Short-term noise often forces investors out before value is realized. Long-term discipline increases the odds that fundamentals, not emotions, drive outcomes.

🎯 How to Practice

Extend research and review horizon, reduce unnecessary turnover, and adjust only when intrinsic value, risk, or opportunity cost materially changes.

🎙️ Master's Voice

Patience is not waiting. It is the ability to maintain a good attitude while working hard for what you believe in.
Li Lu held BYD for over a decade through massive volatility. His patience was not passive—he continued studying the company, the industry, and the competitive dynamics.

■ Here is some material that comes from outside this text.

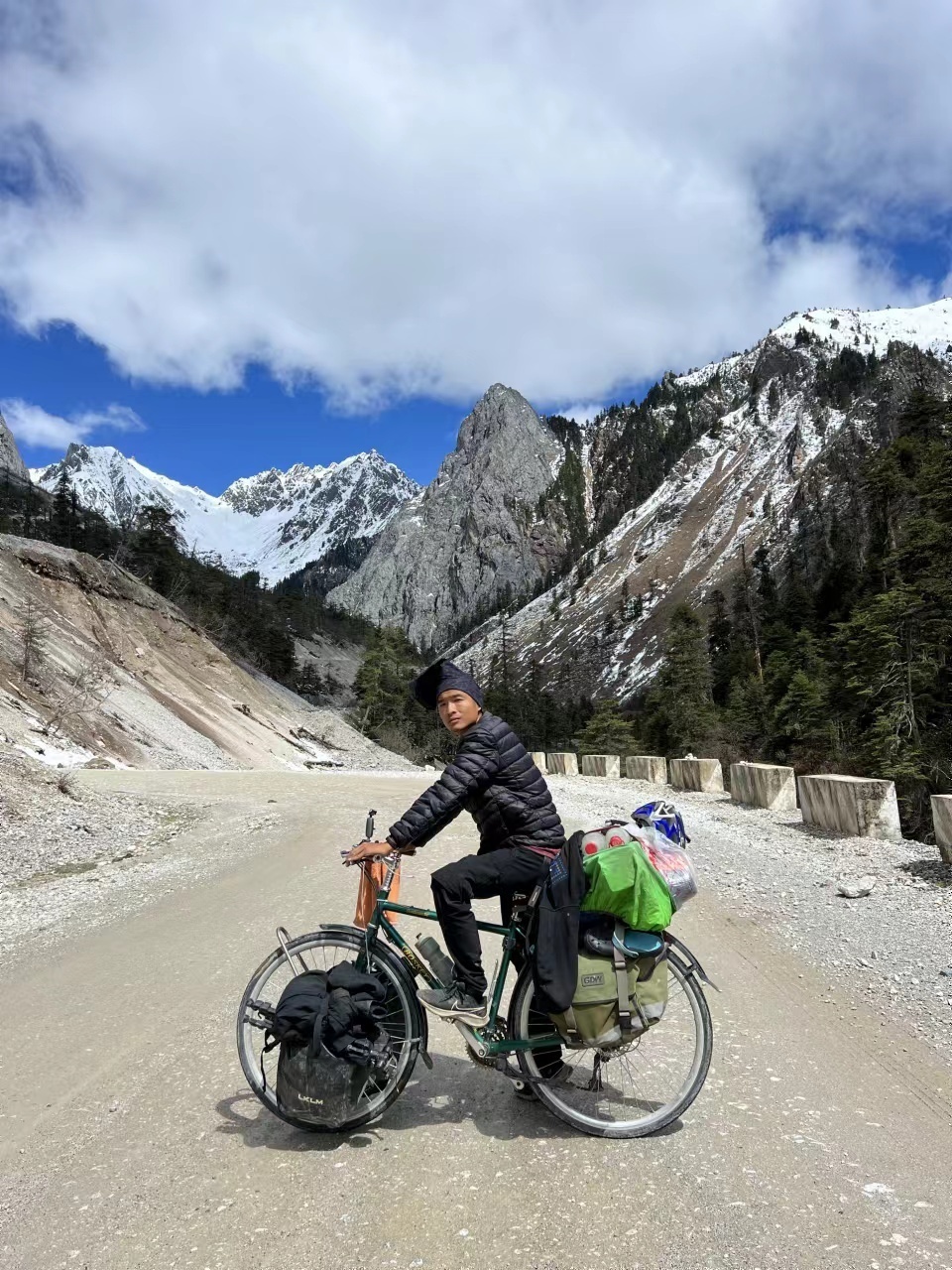 曾是外卖小哥,骑行环游中国!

Active patience means staying engaged while waiting.

⚔️ Practical Guide

✅ Decision Checklist

  • Am I actively monitoring my investments?
  • Is my thesis still valid?
  • Am I patient or just passive?

📋 Action Steps

  1. Schedule regular reviews of each holding
  2. Update your thesis as new information emerges
  3. Distinguish between price volatility and fundamental change

🚨 Warning Signs

  • Setting and forgetting investments
  • Holding out of inertia rather than conviction
  • Ignoring warning signs because of past success

⚠️ Common Pitfalls

Calling it long term while never reviewing thesis
Overtrading and damaging compounding
Ignoring opportunity cost and alternatives

📚 Case Studies

1
BYD Investment (2003)
Li Lu and Charlie Munger invested in Chinese battery and EV maker BYD when it was little-known and cheap.
✨ Outcome:By holding for over a decade, the investment multiplied many times as BYD became a global EV leader.
2
Post‑Crisis Bank Holdings (2009)
After the 2008–09 financial crisis, Li Lu bought U.S. bank stocks trading at deep discounts amid fears of prolonged turmoil.
✨ Outcome:Patient holding through regulatory reforms and recovery produced strong multi‑bagger returns over the following decade.